◆ Your goal ◆
Reproduce, from the lines below, exactly the stretch that begins at the line containing "Puan Monitors Cattle" and ends at the line containing "Queen Elizabeth II's", both included.

(Data under study)

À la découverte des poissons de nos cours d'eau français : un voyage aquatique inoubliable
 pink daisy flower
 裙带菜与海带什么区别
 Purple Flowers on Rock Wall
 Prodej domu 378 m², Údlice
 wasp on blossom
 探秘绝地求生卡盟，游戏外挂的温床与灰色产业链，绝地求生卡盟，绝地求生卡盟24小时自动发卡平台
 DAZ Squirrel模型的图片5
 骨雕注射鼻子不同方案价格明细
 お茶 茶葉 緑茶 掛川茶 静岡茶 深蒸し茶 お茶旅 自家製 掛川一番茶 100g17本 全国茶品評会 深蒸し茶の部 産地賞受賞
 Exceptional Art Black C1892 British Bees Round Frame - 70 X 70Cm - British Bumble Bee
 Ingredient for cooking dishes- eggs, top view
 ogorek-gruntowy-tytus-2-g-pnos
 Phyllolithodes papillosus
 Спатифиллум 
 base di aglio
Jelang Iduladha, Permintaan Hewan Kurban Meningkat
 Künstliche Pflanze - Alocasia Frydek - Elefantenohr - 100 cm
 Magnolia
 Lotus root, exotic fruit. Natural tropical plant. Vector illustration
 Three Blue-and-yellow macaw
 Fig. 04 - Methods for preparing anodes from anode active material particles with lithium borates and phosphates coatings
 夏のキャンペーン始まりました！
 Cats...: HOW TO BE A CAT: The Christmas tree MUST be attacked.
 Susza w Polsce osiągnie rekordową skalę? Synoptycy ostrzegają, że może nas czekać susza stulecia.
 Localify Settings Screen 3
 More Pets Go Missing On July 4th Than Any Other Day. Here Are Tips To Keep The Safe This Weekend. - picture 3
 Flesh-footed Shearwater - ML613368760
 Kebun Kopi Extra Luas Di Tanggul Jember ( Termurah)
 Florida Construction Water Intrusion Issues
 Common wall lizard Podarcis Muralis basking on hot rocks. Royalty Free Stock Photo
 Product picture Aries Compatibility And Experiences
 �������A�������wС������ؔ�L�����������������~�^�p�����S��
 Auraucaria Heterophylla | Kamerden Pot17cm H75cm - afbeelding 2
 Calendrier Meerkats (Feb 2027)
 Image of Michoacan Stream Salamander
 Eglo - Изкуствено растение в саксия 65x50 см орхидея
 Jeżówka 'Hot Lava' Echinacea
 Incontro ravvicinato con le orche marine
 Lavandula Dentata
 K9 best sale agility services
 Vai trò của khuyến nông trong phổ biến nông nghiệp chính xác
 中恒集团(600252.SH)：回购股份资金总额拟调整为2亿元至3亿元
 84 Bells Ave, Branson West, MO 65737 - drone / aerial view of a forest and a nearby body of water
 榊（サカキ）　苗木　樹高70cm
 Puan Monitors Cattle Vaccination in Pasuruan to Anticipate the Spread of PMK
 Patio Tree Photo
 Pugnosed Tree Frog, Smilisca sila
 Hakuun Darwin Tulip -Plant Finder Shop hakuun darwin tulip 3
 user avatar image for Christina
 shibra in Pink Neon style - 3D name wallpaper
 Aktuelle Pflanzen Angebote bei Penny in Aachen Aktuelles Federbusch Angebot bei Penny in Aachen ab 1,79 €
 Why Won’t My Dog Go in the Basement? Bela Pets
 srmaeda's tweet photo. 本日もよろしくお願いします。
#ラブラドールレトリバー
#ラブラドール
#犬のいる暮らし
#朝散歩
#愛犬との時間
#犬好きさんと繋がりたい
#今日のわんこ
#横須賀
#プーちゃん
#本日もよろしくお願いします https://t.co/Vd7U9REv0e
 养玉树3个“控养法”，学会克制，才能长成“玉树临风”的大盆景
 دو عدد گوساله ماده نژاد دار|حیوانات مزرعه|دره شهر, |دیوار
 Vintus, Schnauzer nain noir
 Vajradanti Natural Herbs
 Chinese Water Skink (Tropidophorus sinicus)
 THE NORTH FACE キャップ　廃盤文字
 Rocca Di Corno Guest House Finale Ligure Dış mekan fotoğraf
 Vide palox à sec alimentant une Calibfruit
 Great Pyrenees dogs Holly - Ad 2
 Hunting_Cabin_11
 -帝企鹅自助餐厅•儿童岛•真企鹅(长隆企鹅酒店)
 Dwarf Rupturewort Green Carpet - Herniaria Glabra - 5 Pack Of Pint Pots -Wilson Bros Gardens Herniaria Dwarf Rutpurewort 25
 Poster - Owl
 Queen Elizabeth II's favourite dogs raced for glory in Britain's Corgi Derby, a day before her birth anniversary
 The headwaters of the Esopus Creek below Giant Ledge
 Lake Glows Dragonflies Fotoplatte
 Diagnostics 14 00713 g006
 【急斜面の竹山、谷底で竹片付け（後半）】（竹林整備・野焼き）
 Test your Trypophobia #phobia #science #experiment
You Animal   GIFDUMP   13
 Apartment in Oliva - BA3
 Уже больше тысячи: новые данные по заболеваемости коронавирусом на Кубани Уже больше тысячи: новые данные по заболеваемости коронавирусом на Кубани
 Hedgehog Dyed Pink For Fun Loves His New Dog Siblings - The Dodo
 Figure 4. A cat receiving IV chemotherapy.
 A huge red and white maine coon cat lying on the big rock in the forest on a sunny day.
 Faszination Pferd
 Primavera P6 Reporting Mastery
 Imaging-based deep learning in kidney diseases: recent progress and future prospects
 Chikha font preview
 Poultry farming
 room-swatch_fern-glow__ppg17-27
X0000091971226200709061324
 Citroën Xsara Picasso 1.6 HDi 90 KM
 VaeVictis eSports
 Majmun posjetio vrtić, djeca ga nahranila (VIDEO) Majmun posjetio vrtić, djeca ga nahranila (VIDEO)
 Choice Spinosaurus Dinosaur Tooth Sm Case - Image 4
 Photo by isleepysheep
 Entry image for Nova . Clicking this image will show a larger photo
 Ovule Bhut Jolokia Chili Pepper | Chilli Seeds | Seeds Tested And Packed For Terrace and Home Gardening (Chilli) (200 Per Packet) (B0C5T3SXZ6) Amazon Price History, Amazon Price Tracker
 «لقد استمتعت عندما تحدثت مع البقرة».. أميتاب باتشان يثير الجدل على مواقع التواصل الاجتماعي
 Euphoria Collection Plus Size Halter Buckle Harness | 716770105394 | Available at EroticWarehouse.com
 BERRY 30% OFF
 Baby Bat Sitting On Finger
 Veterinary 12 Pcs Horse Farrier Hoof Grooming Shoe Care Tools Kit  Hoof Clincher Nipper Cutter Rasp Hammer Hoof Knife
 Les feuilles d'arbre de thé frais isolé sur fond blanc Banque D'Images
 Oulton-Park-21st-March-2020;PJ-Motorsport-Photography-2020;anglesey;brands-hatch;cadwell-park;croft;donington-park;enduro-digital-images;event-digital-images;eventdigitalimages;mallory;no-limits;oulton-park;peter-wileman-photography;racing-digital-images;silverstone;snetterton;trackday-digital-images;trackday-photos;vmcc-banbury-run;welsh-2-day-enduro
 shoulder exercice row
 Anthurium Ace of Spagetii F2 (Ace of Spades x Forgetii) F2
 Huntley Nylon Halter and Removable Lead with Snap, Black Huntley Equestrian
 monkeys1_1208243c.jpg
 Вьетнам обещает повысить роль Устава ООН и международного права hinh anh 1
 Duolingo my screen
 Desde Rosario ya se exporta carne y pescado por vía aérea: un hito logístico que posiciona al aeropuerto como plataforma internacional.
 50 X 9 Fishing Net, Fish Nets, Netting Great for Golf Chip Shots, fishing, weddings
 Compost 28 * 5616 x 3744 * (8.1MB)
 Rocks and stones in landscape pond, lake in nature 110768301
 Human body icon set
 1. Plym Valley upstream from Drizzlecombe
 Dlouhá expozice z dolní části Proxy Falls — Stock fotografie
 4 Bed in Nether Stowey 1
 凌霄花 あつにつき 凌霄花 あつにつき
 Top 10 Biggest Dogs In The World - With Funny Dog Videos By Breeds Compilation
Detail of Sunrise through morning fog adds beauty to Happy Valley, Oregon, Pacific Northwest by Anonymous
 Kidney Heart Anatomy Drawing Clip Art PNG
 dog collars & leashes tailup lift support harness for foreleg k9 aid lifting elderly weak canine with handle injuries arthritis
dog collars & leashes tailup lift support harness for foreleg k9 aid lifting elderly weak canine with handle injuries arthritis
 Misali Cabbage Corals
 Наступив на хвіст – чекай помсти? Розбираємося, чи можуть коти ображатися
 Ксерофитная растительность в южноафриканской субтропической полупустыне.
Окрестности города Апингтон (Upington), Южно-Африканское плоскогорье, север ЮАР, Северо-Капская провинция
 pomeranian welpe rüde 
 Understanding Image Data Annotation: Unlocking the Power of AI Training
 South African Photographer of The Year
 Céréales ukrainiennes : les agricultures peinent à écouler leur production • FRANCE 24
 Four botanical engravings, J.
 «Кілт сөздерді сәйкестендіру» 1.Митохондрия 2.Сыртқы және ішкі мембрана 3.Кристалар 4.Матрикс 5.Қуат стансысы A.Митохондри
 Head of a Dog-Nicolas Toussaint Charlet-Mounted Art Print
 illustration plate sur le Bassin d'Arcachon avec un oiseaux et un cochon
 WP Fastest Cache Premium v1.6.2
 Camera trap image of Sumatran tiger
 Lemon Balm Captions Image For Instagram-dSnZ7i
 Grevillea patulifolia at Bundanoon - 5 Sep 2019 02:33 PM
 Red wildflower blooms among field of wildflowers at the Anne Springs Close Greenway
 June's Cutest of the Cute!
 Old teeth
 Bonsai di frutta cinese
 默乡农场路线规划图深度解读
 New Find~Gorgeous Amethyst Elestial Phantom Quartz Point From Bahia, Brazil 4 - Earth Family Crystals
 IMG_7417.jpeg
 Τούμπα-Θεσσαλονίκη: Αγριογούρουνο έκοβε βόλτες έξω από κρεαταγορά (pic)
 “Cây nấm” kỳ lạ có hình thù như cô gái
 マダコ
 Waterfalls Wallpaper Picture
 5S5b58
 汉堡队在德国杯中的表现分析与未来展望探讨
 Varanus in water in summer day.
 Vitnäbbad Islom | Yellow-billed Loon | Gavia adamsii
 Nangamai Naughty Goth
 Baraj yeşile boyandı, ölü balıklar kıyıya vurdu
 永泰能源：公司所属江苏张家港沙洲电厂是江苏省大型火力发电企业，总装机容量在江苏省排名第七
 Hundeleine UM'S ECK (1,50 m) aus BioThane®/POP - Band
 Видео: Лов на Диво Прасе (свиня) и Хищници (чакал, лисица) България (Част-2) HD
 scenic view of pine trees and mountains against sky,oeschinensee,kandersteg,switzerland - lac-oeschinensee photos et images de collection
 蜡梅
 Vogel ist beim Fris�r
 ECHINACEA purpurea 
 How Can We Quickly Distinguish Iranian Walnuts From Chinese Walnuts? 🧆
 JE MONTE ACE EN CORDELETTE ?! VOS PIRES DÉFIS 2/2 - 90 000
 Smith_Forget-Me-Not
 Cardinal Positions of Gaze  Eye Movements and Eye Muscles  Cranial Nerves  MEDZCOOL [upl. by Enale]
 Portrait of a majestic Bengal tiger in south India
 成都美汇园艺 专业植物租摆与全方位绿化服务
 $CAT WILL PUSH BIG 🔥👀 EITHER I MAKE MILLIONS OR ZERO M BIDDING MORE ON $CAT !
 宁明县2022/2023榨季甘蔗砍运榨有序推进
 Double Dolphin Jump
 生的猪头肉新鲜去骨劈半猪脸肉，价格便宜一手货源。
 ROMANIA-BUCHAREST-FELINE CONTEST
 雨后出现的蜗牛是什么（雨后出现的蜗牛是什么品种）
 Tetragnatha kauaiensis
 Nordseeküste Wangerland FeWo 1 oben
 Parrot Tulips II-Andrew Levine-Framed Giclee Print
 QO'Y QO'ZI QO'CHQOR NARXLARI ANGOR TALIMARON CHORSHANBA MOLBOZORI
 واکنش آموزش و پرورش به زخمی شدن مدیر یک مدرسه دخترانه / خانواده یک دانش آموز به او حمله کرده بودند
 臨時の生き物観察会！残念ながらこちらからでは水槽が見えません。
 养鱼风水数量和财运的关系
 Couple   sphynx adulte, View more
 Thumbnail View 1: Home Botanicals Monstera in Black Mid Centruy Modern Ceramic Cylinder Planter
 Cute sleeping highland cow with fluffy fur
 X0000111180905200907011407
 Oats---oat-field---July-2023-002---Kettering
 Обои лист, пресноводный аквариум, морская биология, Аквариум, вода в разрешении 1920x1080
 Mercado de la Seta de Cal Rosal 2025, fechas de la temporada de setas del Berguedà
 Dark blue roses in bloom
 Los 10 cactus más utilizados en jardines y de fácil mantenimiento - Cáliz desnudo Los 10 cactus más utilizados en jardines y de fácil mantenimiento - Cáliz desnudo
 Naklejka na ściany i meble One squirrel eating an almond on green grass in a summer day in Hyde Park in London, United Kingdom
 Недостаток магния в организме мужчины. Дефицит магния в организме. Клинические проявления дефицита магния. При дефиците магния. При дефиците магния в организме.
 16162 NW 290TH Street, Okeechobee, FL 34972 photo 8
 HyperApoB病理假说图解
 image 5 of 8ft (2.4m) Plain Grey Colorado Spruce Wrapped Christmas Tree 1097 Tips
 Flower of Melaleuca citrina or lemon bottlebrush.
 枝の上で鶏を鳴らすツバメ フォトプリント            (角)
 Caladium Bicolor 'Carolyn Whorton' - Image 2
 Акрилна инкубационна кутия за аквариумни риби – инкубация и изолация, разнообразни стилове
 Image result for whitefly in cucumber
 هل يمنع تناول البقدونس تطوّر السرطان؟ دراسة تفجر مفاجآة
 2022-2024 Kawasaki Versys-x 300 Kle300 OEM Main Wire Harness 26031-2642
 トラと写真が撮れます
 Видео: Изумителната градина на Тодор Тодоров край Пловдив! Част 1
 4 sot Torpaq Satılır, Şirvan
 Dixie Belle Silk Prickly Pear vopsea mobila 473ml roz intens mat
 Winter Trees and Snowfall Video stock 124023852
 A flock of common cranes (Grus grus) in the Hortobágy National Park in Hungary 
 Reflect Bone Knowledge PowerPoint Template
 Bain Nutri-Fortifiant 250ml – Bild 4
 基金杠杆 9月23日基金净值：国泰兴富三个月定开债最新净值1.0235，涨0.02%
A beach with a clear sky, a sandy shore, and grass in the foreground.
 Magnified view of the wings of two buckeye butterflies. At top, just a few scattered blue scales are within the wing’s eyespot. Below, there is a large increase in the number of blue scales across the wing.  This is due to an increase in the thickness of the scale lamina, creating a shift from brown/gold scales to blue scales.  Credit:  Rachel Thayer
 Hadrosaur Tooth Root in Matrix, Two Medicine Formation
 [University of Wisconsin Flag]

(End Data under study)

◆ Final answer ◆
 Puan Monitors Cattle Vaccination in Pasuruan to Anticipate the Spread of PMK
 Patio Tree Photo
 Pugnosed Tree Frog, Smilisca sila
 Hakuun Darwin Tulip -Plant Finder Shop hakuun darwin tulip 3
 user avatar image for Christina
 shibra in Pink Neon style - 3D name wallpaper
 Aktuelle Pflanzen Angebote bei Penny in Aachen Aktuelles Federbusch Angebot bei Penny in Aachen ab 1,79 €
 Why Won’t My Dog Go in the Basement? Bela Pets
 srmaeda's tweet photo. 本日もよろしくお願いします。
#ラブラドールレトリバー
#ラブラドール
#犬のいる暮らし
#朝散歩
#愛犬との時間
#犬好きさんと繋がりたい
#今日のわんこ
#横須賀
#プーちゃん
#本日もよろしくお願いします https://t.co/Vd7U9REv0e
 养玉树3个“控养法”，学会克制，才能长成“玉树临风”的大盆景
 دو عدد گوساله ماده نژاد دار|حیوانات مزرعه|دره شهر, |دیوار
 Vintus, Schnauzer nain noir
 Vajradanti Natural Herbs
 Chinese Water Skink (Tropidophorus sinicus)
 THE NORTH FACE キャップ　廃盤文字
 Rocca Di Corno Guest House Finale Ligure Dış mekan fotoğraf
 Vide palox à sec alimentant une Calibfruit
 Great Pyrenees dogs Holly - Ad 2
 Hunting_Cabin_11
 -帝企鹅自助餐厅•儿童岛•真企鹅(长隆企鹅酒店)
 Dwarf Rupturewort Green Carpet - Herniaria Glabra - 5 Pack Of Pint Pots -Wilson Bros Gardens Herniaria Dwarf Rutpurewort 25
 Poster - Owl
 Queen Elizabeth II's favourite dogs raced for glory in Britain's Corgi Derby, a day before her birth anniversary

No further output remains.